Experience a Collaborative
Assessment Conference in the
"Virtual Protocol"

A piece of student work has the potential to reveal not only the student’s mastery of the curriculum’s goals, but also a wealth of information about the student him/herself: his/her intellectual interests, his/her strengths, and his/her struggles. The Collaborative Assessment Conference was designed to give teachers a systematic way to mine this richness. It provides a structure by which teachers come together to look at a piece of work, first to determine what it reveals about the student and the issues s/he cares about, and then to consider how the student’s issues and concerns relate to the teacher’s goals for the student. The last part of the conversation – the discussion of classroom practice – grows out of these initial considerations.

The structure for the conference evolved from three key ideas:

  • First, students use school assignments, especially open-ended ones, to tackle important problems in which they are personally interested. Sometimes these problems are the same ones that the teacher has assigned them to work on, sometimes not.

  • Second, we can only begin to see and understand the serious work that students undertake if we suspend judgment long enough to look carefully and closely at what is actually in the work rather than what we hope to see in it.

  • Third, we need the perspective of others—especially those who are not intimate with our goals for our students—to help us to see aspects of the student and the work that would otherwise escape us, and we need others to help us generate ideas about how to use this information to shape our daily practice.

Since 1988, when Steve Seidel and his colleagues at Project Zero developed this process, the Collaborative Assessment Conference has been used in a variety of ways: to give teachers the opportunity to hone their ability to look closely at and interpret students’ work; to explore the strengths and needs of a particular child; to reflect on the work collected in student portfolios; to foster conversations among faculty about the kind of work students are doing and how faculty can best support that work.

In the Collaborative Assessment Conference, the presenting teacher brings a piece of student work to share with a group of five to ten colleagues (usually other teachers and administrators). The process begins with the presenting teacher showing (or distributing copies of) the piece to the group. Throughout the first part of the conference, the presenting teacher says nothing, giving no information about the student, the assignment, or the context in which the student worked.

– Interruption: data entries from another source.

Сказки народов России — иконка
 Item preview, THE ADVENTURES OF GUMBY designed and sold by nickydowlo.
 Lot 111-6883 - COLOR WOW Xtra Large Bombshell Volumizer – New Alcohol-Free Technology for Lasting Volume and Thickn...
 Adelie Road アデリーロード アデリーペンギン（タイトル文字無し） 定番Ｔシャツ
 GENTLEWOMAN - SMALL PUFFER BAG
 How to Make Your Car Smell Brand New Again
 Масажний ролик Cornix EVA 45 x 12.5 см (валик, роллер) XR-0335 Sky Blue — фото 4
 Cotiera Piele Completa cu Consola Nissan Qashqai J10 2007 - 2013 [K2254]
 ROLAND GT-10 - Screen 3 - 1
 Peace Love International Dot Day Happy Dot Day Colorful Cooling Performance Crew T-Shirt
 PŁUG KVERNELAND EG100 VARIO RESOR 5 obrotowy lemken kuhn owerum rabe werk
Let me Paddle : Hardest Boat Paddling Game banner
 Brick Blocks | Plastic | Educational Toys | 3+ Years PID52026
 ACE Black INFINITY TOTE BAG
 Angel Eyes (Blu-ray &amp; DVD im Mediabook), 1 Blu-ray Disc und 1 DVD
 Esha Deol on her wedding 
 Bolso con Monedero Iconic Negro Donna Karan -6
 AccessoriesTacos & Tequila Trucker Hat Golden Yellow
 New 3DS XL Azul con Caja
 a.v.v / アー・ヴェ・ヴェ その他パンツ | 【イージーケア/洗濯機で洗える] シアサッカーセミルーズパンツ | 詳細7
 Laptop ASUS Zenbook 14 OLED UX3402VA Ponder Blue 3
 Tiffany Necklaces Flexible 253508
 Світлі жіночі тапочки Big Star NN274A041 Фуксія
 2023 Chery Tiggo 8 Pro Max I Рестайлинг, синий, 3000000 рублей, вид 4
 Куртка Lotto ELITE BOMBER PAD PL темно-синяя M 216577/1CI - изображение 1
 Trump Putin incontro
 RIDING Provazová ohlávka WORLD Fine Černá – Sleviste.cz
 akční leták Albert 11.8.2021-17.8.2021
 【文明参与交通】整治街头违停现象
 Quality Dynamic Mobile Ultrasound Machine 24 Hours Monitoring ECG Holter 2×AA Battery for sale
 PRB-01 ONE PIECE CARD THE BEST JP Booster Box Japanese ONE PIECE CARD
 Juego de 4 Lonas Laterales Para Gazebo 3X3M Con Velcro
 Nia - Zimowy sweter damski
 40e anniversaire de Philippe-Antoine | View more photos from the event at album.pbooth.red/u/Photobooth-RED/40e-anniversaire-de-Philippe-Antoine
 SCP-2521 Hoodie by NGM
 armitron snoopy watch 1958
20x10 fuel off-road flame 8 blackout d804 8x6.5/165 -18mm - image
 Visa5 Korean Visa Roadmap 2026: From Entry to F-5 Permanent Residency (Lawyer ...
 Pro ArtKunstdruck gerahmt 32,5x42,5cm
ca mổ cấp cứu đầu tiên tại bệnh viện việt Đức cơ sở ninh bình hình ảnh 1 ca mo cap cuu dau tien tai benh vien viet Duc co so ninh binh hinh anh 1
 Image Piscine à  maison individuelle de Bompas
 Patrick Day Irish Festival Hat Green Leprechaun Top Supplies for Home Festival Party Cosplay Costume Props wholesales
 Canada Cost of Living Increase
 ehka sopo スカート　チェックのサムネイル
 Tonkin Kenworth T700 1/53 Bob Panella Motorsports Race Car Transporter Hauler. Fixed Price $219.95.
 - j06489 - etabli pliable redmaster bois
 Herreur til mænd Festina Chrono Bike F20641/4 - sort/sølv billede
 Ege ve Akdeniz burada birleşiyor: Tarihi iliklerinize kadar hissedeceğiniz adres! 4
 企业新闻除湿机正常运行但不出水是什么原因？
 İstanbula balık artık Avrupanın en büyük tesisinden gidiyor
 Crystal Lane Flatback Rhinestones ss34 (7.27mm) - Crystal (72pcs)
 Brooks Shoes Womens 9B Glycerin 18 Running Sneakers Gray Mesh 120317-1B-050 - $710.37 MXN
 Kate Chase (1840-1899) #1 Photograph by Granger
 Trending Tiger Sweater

Through a series of questions asked by the facilitator, the group works to understand the piece by describing it in detail and looking for clues that would suggest the problems or issues or aspects of the work with which the student was most engaged. They do this without judgments about the quality of work or how it suits their personal tastes. The facilitator helps this process by asking participants to point out the evidence on which they based the judgments that inevitably slip out. For example, if someone comments that the work seems very creative, the facilitator might ask him or her to describe the aspect of the work that led him or her to say that.

In the second part of the conference, the focus broadens. Having concentrated intensively on the piece itself, the group, in conversation with the presenting teacher, now considers the conditions under which the work was created as well as broader issues of teaching and learning. First, the presenting teacher provides any information that s/he thinks is relevant about the context of the work. This might include describing the assignment, responding to the discussion, answering questions (though s/he does not have to respond to all the questions raised in the first part of the conference), describing other work by the child, and/or commenting on how his/her own reading or observation of the work compares to that of the group.

Next, the facilitator asks the whole group (presenting teacher included) to reflect on the ideas generated by the discussion of the piece. These might be reflections about specific next steps for the child in question, ideas about what the participants might do in their own classes or thoughts about the teaching and learning process in general. Finally, the whole group reflects on the conference itself.